● **Task**: Once the line containing "VINTAGE HAND CRAFTED SILVER PLATED WHISKY FLASKS: Two" is found in the records below, return it and each following line exactly, up to and including the line containing "Landree Coats ‘22", and nothing else.
BEGIN
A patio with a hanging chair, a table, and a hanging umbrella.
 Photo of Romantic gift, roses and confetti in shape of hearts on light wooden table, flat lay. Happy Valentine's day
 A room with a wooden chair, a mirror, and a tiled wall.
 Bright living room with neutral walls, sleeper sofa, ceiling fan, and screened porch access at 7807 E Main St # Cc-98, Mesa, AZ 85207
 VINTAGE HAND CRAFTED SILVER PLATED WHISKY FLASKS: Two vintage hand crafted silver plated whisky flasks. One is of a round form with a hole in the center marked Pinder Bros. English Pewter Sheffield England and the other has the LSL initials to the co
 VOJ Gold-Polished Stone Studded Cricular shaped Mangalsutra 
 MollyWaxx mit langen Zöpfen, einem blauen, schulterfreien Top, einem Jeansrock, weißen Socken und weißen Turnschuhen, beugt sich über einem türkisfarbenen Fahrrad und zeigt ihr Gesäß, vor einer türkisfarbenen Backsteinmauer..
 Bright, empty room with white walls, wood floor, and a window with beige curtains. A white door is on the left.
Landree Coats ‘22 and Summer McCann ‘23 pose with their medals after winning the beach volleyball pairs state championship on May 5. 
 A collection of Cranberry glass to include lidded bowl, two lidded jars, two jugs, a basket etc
END
● **Result of the task**:
 VINTAGE HAND CRAFTED SILVER PLATED WHISKY FLASKS: Two vintage hand crafted silver plated whisky flasks. One is of a round form with a hole in the center marked Pinder Bros. English Pewter Sheffield England and the other has the LSL initials to the co
 VOJ Gold-Polished Stone Studded Cricular shaped Mangalsutra 
 MollyWaxx mit langen Zöpfen, einem blauen, schulterfreien Top, einem Jeansrock, weißen Socken und weißen Turnschuhen, beugt sich über einem türkisfarbenen Fahrrad und zeigt ihr Gesäß, vor einer türkisfarbenen Backsteinmauer..
 Bright, empty room with white walls, wood floor, and a window with beige curtains. A white door is on the left.
Landree Coats ‘22 and Summer McCann ‘23 pose with their medals after winning the beach volleyball pairs state championship on May 5. 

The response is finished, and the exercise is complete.